TRC Wins ASCE Award for Jaye Street Bridge Rehabilitation Project
The Jaye Street Rehabilitation was a long-awaited improvement in Porterville, CA. TRC played a key role in the $7.74 million project, providing bridge rehabilitation design for widening the bridge and implementing scour countermeasures and seismic retrofits. For its efforts, the project team received the 2019 Outstanding Structural Engineering Project Award from the ASCE Region 9 chapter.
Jaye Street is a major thoroughfare for the City of Porterville, providing connection to Highway 190 and the surrounding commercial district. For years, a 2-lane stretch of roadway across the Tule River Bridge caused congestion.
Jaye Street/Tule River Bridge Rehabilitation
To eliminate the bottleneck, improve safety, promote recreational access, and provide a better overall connection to retail stores and offices, the city widened the bridge to 4 lanes and connected it to the local river walkway network.

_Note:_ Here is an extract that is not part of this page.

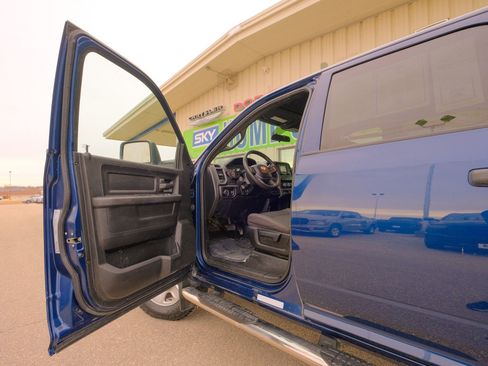 Used 2024 RAM 3500 Tradesman image 24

The $7.74 million project was more than 15 years in the making and highly anticipated in the San Joaquin Valley region. Originally funded for construction in 2003, groundbreaking was delayed several times, at one point to mitigate construction from impacting a federally threatened insect species.
TRC played a key role in finally moving the project forward to a successful completion. Our design included widening the bridge from 34 feet to 83 feet, constructing 5-foot-wide barrier-protected sidewalks on either side, and implementing scour countermeasures and seismic retrofits to protect the existing bridge portion built in 1970.
Seismic protection included strengthening of the existing abutments, addition of structure approach slabs, and regrading of the channel at the north end to lengthen bridge columns. To maintain irrigation facility function, a new cast-in-place concrete box culvert with headwalls was installed to convey Hubbs Minor Ditch.
The addition of pile-supported retaining walls facilitated relocation of the Tule River Parkway recreational trail underneath the bridge. Rehabilitative work also included deck repairs, application of a polyester concrete overlay to cover the deteriorated riding surface, and streetscape enhancement with decorative lighting, landscaping, and safety barriers.
TRC collaborated with a multidisciplinary team of roadway, hydraulic, geotechnical, traffic, environmental, electrical, landscape design, and construction staff. Coordination with city, state, and federal agencies was crucial to meeting design requirements, maintaining traffic flow during construction, and securing $5.8 million in funding through the the Federal Highway Bridge Program.